◆ WORK ITEM
Could you reproduce every record below exactly as it stands?

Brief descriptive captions
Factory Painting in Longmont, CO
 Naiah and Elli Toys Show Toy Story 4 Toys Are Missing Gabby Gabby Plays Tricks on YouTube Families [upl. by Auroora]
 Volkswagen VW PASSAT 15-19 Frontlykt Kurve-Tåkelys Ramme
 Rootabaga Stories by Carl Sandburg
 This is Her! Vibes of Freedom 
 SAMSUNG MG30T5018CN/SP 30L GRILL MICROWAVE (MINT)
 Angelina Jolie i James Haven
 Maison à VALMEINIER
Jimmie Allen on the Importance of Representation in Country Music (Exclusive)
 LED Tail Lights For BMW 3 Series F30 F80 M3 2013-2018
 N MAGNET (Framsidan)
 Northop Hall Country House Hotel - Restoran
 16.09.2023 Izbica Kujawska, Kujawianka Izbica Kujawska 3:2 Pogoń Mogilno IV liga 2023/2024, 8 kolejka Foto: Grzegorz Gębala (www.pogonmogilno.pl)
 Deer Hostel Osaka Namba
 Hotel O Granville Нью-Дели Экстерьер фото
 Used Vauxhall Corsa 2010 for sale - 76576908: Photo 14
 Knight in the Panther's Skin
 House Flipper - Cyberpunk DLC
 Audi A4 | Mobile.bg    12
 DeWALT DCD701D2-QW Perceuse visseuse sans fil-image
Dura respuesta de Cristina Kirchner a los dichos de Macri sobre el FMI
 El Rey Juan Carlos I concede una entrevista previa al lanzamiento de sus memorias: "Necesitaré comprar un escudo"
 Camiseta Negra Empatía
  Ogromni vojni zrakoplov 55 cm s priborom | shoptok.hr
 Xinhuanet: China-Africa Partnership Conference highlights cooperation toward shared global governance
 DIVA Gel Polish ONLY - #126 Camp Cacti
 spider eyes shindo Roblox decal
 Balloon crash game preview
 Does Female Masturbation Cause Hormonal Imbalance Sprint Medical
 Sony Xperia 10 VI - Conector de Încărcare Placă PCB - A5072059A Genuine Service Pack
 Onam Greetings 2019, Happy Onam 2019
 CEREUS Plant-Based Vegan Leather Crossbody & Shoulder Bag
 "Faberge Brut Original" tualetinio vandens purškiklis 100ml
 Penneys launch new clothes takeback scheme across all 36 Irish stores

◆ WORKED SOLUTION
Factory Painting in Longmont, CO
 Naiah and Elli Toys Show Toy Story 4 Toys Are Missing Gabby Gabby Plays Tricks on YouTube Families [upl. by Auroora]
 Volkswagen VW PASSAT 15-19 Frontlykt Kurve-Tåkelys Ramme
 Rootabaga Stories by Carl Sandburg
 This is Her! Vibes of Freedom 
 SAMSUNG MG30T5018CN/SP 30L GRILL MICROWAVE (MINT)
 Angelina Jolie i James Haven
 Maison à VALMEINIER
Jimmie Allen on the Importance of Representation in Country Music (Exclusive)
 LED Tail Lights For BMW 3 Series F30 F80 M3 2013-2018
 N MAGNET (Framsidan)
 Northop Hall Country House Hotel - Restoran
 16.09.2023 Izbica Kujawska, Kujawianka Izbica Kujawska 3:2 Pogoń Mogilno IV liga 2023/2024, 8 kolejka Foto: Grzegorz Gębala (www.pogonmogilno.pl)
 Deer Hostel Osaka Namba
 Hotel O Granville Нью-Дели Экстерьер фото
 Used Vauxhall Corsa 2010 for sale - 76576908: Photo 14
 Knight in the Panther's Skin
 House Flipper - Cyberpunk DLC
 Audi A4 | Mobile.bg    12
 DeWALT DCD701D2-QW Perceuse visseuse sans fil-image
Dura respuesta de Cristina Kirchner a los dichos de Macri sobre el FMI
 El Rey Juan Carlos I concede una entrevista previa al lanzamiento de sus memorias: "Necesitaré comprar un escudo"
 Camiseta Negra Empatía
  Ogromni vojni zrakoplov 55 cm s priborom | shoptok.hr
 Xinhuanet: China-Africa Partnership Conference highlights cooperation toward shared global governance
 DIVA Gel Polish ONLY - #126 Camp Cacti
 spider eyes shindo Roblox decal
 Balloon crash game preview
 Does Female Masturbation Cause Hormonal Imbalance Sprint Medical
 Sony Xperia 10 VI - Conector de Încărcare Placă PCB - A5072059A Genuine Service Pack
 Onam Greetings 2019, Happy Onam 2019
 CEREUS Plant-Based Vegan Leather Crossbody & Shoulder Bag
 "Faberge Brut Original" tualetinio vandens purškiklis 100ml
 Penneys launch new clothes takeback scheme across all 36 Irish stores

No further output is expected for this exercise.